That I identify these timid actions as “reasonable” suggests the quality of the other action items. As an example of one of the dozens of useless suggestions in this “pillar”:
2.12.1 ACTION ITEM: The Bureau of Justice Statistics should add questions concerning sexual harassment of and misconduct toward LGBTQ and gender-nonconforming people by law enforcement officers to the Police Public Contact Survey.
Because, you know, they can profile a LGBTQ by sight, just like they do people of color. And all of the recent protests against police violence have focused on such issues.
I guess this is just an opportunity to move the ball anywhere and everywhere.
Pillar Three: Technology & Social Media
The use of technology can improve policing practices and build community trust and legitimacy, but its implementation must be built on a defined policy framework with its purposes and goals clearly delineated. Implementing new technologies can give police departments an opportunity to fully engage and educate communities in a dialogue about their expectations for transparency, accountability, and privacy.
Follow them on Twitter. #ActingLikeWeCare
3.1.1 ACTION ITEM: The Federal Government should support the development and delivery of training to help law enforcement agencies learn, acquire, and implement technology tools and tactics that are consistent with the best practices of 21st century policing.
Spend federal money; get the federal government involved locally.
Pillar Four: Community Policing & Crime Reduction
Community policing is a philosophy that promotes organizational strategies that support the systematic use of partnerships and problem-solving techniques to proactively address the immediate conditions that give rise to public safety issues such as crime, social disorder, and fear of crime.
In his testimony to the task force, Camden County, New Jersey, Police Chief J. Scott Thomson noted that community policing starts on the street corner, with respectful interaction between a police officer and a local resident, a discussion that need not be related to a criminal matter. In fact, it is important that not all interactions be based on emergency calls or crime investigations.
Is there such a thing as having an innocent conversation with a police officer? The discussion might not be “related to a criminal matter,” but any interaction with an officer can result in turning you into a criminal matter.
4.1.1 ACTION ITEM: Law enforcement agencies should consider adopting preferences for seeking “least harm” resolutions, such as diversion programs or warnings and citations in lieu of arrest for minor infractions.
How about just eliminating the “minor infractions” from the books?
4.6.4 ACTION ITEM: Law enforcement agencies should work with schools to adopt an instructional approach to discipline that uses interventions or disciplinary consequences to help students develop new behavior skills and positive strategies to avoid conflict, redirect energy, and refocus on learning.
Really? They are going to become tutors?
Pillar Five: Training & Education
As our nation becomes more pluralistic and the scope of law enforcement’s responsibilities expands, the need for more and better training has become critical. Today’s line officers and leaders must meet a wide variety of challenges including international terrorism, evolving technologies, rising immigration, changing laws, new cultural mores, and a growing mental health crisis.
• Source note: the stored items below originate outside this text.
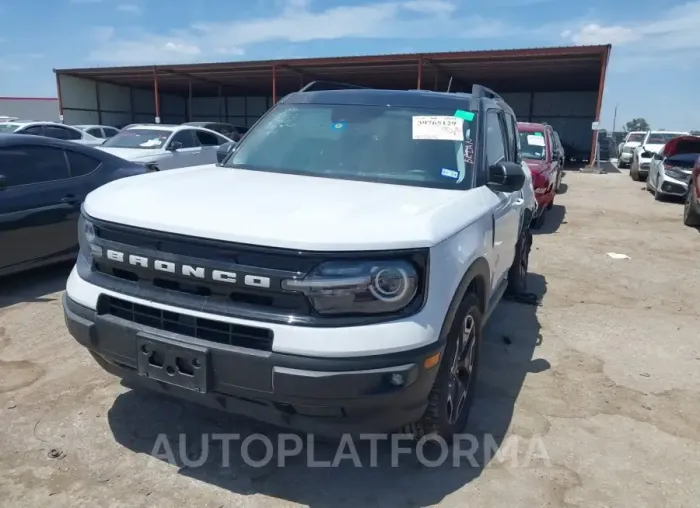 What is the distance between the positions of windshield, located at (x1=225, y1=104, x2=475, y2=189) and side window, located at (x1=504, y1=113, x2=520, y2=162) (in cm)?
110

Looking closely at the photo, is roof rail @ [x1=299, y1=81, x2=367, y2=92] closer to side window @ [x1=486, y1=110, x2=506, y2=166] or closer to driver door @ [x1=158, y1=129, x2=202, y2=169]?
side window @ [x1=486, y1=110, x2=506, y2=166]

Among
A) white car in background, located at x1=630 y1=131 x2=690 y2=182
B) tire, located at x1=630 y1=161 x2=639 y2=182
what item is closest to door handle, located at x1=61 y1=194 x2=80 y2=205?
white car in background, located at x1=630 y1=131 x2=690 y2=182

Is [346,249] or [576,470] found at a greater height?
[346,249]

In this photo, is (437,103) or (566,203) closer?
(437,103)

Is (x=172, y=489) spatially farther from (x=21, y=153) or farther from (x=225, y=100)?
(x=225, y=100)

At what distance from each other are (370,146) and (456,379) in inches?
60.4

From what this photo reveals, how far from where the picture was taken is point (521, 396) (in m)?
3.74

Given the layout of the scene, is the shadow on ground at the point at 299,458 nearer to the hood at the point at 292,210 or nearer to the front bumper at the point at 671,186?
the hood at the point at 292,210

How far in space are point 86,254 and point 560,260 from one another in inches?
258

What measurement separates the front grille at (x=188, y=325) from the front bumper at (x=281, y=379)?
0.11 ft

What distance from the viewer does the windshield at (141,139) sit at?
11.4m

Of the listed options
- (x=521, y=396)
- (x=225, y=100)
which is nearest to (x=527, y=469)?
(x=521, y=396)

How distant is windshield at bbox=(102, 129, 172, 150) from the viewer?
11.4 meters

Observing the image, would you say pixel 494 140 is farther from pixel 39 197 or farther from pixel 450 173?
pixel 39 197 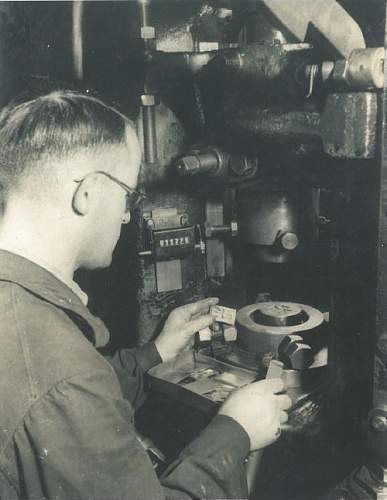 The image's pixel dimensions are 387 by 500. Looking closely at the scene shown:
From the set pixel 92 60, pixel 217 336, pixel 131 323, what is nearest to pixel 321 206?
pixel 217 336

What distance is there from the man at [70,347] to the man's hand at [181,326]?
0.39 meters

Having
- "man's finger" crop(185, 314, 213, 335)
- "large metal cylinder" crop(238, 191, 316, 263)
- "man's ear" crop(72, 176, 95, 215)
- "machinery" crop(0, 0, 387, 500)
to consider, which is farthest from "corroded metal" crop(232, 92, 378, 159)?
"man's finger" crop(185, 314, 213, 335)

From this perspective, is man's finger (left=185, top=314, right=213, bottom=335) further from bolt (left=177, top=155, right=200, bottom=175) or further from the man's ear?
the man's ear

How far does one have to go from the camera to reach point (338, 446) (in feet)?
4.68

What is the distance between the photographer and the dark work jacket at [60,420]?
91cm

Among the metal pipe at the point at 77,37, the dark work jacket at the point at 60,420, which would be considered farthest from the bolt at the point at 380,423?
the metal pipe at the point at 77,37

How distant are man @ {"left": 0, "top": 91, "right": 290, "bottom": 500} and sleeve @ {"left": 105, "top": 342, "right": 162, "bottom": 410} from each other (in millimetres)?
324

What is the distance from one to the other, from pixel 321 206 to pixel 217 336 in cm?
69

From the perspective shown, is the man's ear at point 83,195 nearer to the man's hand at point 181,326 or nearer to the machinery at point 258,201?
the machinery at point 258,201

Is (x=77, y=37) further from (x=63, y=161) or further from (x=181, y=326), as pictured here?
(x=181, y=326)

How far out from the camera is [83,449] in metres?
0.92

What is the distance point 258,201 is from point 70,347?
2.80ft

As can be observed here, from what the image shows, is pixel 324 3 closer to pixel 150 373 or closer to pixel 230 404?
pixel 230 404

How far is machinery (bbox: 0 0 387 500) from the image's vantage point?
1222 mm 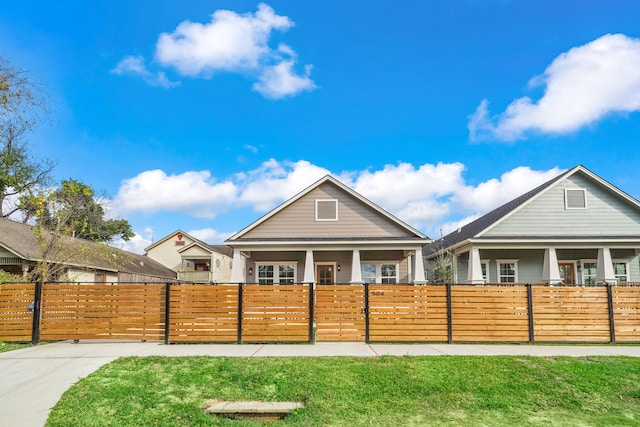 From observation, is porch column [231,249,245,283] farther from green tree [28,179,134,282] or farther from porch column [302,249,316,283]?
green tree [28,179,134,282]

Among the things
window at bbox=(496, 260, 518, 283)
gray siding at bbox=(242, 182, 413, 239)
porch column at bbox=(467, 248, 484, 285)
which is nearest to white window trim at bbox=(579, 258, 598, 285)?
window at bbox=(496, 260, 518, 283)

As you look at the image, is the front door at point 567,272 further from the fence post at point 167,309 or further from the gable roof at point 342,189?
the fence post at point 167,309

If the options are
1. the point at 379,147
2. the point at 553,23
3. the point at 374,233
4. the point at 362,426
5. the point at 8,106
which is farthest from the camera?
the point at 379,147

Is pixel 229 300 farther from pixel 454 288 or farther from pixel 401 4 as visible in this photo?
pixel 401 4

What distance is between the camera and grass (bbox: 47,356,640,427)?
5.74 metres

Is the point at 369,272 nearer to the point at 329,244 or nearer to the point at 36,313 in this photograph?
the point at 329,244

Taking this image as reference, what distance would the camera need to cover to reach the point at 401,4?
1405 centimetres

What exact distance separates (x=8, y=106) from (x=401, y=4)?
38.9 ft

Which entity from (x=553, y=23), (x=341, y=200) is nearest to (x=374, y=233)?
(x=341, y=200)

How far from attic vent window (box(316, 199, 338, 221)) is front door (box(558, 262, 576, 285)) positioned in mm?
10646

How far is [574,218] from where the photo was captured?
17.4 m

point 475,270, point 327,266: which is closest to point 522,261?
point 475,270

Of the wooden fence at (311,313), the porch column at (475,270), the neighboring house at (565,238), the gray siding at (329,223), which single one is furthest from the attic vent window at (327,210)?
the wooden fence at (311,313)

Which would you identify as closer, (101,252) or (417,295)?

“Training” means more money; your money.
5.1.3 ACTION ITEM: The Department of Justice should build a stronger relationship with the International Association of Directors of Law Enforcement (IADLEST) in order to leverage their network with state boards and commissions of Peace Officer Standards and Training (POST).
5.3.1 ACTION ITEM: Recognizing that strong, capable leadership is required to create cultural transformation, the U.S. Department of Justice should invest in developing learning goals and model curricula/training for each level of leadership.
5.3.3 ACTION ITEM: The U.S. Department of Justice should support and encourage cross-discipline leadership training.
5.11.1 ACTION ITEM: The Federal Government should create a [student] loan repayment and forgiveness incentive program specifically for policing.
That’s three “U.S. Department of Justice”s, and one “Federal Government,” in all cases resulting in more money and more federal involvement in local matters.
Pillar Six: Officer Wellness & Safety
Most law enforcement officers walk into risky situations and encounter tragedy on a regular basis.
“Police officer” doesn’t even make the top ten on the list of deadliest jobs in America.
However, a large proportion of officer injuries and deaths are not the result of interaction with criminal offenders but the outcome of poor physical health due to poor nutrition, lack of exercise, sleep deprivation, and substance abuse. Yet these causes are often overlooked or given scant attention. Many other injuries and fatalities are the result of vehicular accidents.
“Poor nutrition” = donuts; “lack of exercise” = sitting around all day – in a car or behind a desk; “sleep deprivation” = working unnecessary overtime in order to boost the retirement pension; “substance abuse” = do as I say when I am arresting you, not as I do.
Is it a surprise that “these causes are often overlooked or given scant attention.” If you were a police officer, would you want these things well publicized?
Officer suicide is also a problem: a national study using data of the National Occupational Mortality Surveillance found that police died from suicide 2.4 times as often as from homicides.
I could say something witty, but I won’t. Instead, I offer: just as in the military, could it be that one reason police suicides are so high is because individual officers cannot reconcile the criminality they perform while supposedly fighting criminality?
6.1.2 ACTION ITEM: The U.S. Department of Justice, in partnership with the U.S. Department of Health and Human Services, should establish a task force to study mental health issues unique to officers and recommend tailored treatments.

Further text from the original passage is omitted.